Pictures stay out; everything else in the records below is to be repeated exactly.
◇ ◇ ◇
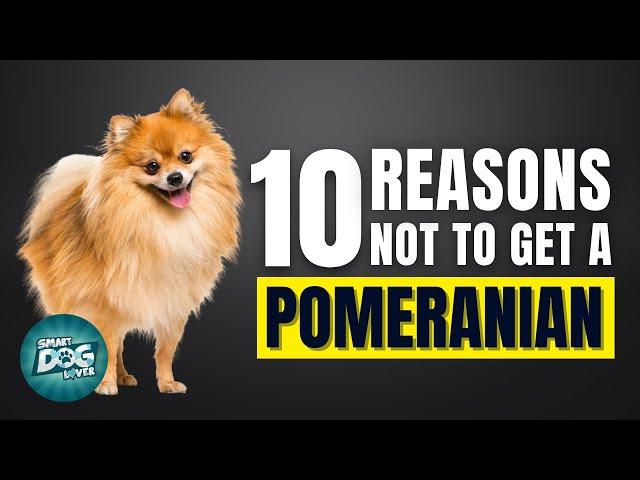 10 Reasons Why You SHOULD NOT Get a Pomeranian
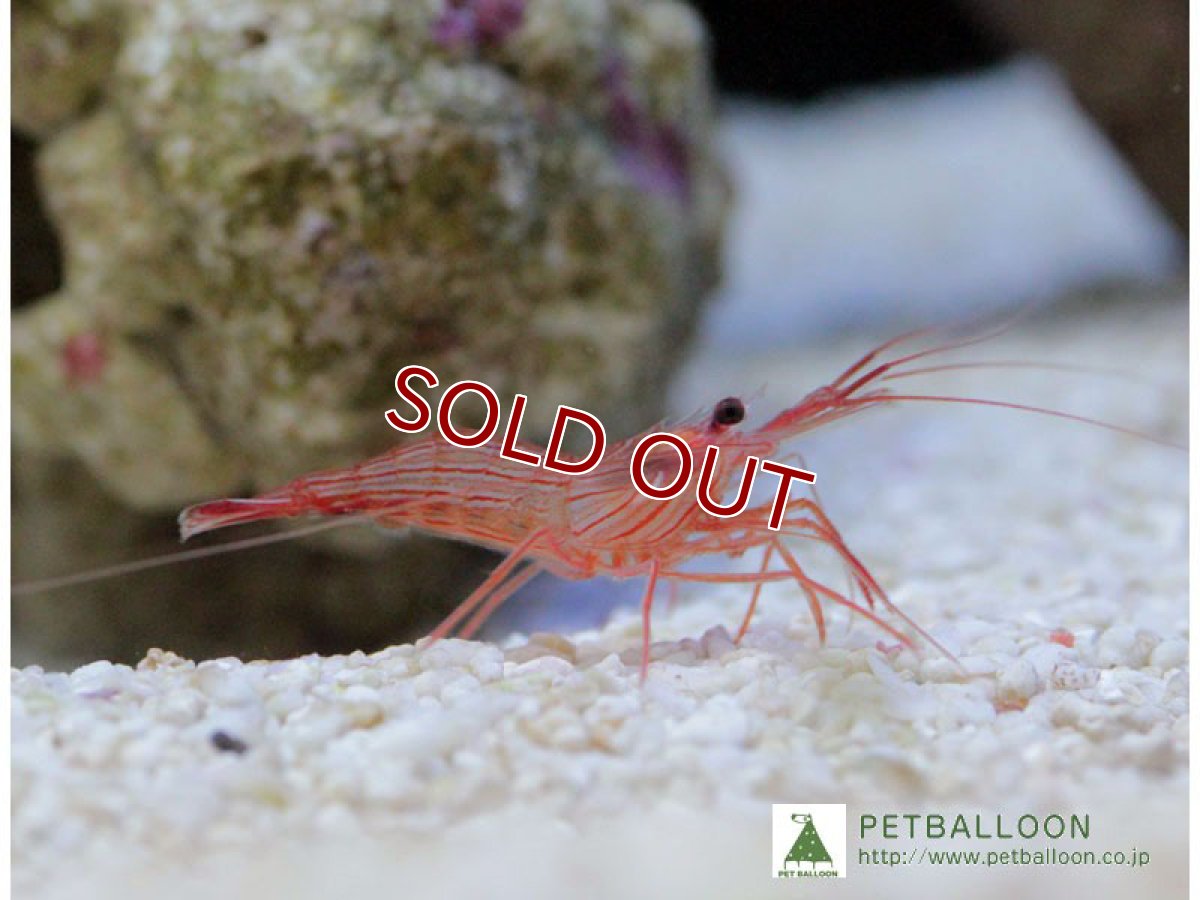 画像1: 【アーリーサマーセール10%OFFクーポン番号（10）対象商品 海洋生物】【海水魚】厄介なカーリーを食べてくれます♪ペパーミントシュリンプ（3匹）(サンプル画像）（生体）(海水魚)（サンゴ） (1)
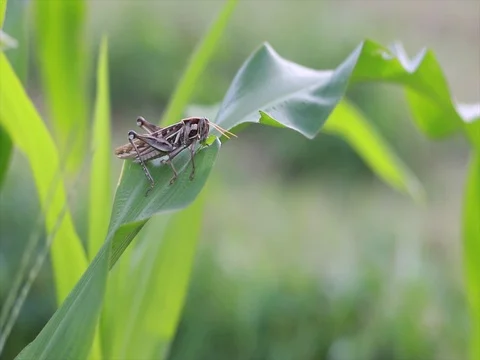 Grasshopper eating corn Stock Footage 69849357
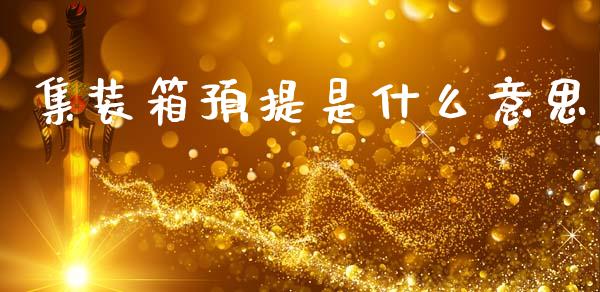 集装箱预提是什么意思_https://m.ycdhulan.com_股市在线_第1张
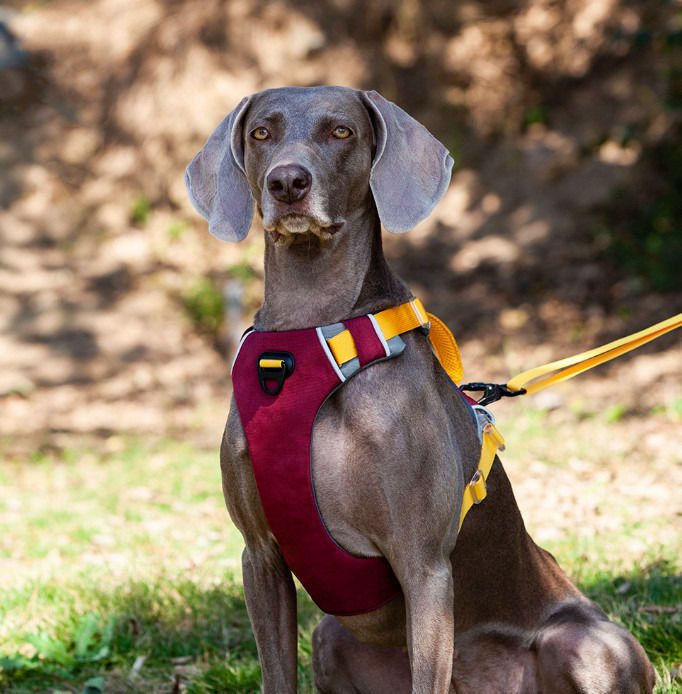 Adjustable Reflective  Oxford Large Dog Harness Leash Set With Easy Control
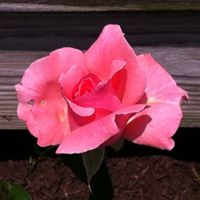 Carolyn Root Photo 1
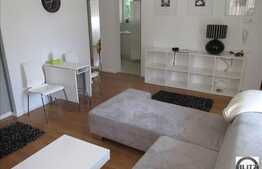 Apartament 55 mp, deosebit, superfinisat, spatios, luminos, zona  Campului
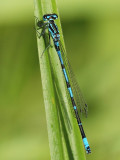 Mrk lyrflickslnda - Coenagrion pulchellum - Variable Bluet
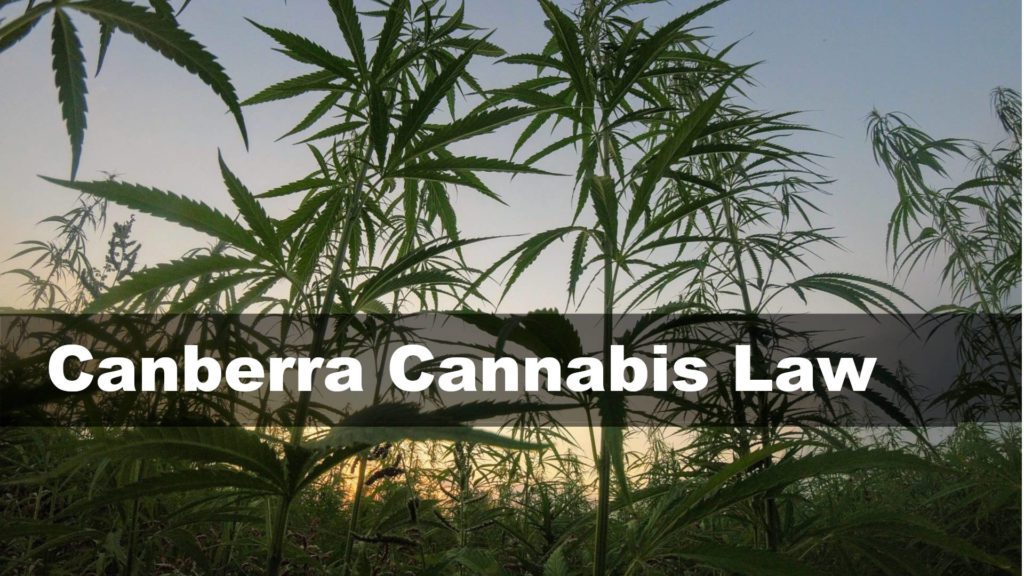 Canberra Cannabis Law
◇ ◇ ◇
▶ [ANSWER FOR THIS EXERCISE]:
 10 Reasons Why You SHOULD NOT Get a Pomeranian
 画像1: 【アーリーサマーセール10%OFFクーポン番号（10）対象商品 海洋生物】【海水魚】厄介なカーリーを食べてくれます♪ペパーミントシュリンプ（3匹）(サンプル画像）（生体）(海水魚)（サンゴ） (1)
 Grasshopper eating corn Stock Footage 69849357
 集装箱预提是什么意思_https://m.ycdhulan.com_股市在线_第1张
 Adjustable Reflective  Oxford Large Dog Harness Leash Set With Easy Control
 Carolyn Root Photo 1
 Apartament 55 mp, deosebit, superfinisat, spatios, luminos, zona  Campului
 Mrk lyrflickslnda - Coenagrion pulchellum - Variable Bluet
 Canberra Cannabis Law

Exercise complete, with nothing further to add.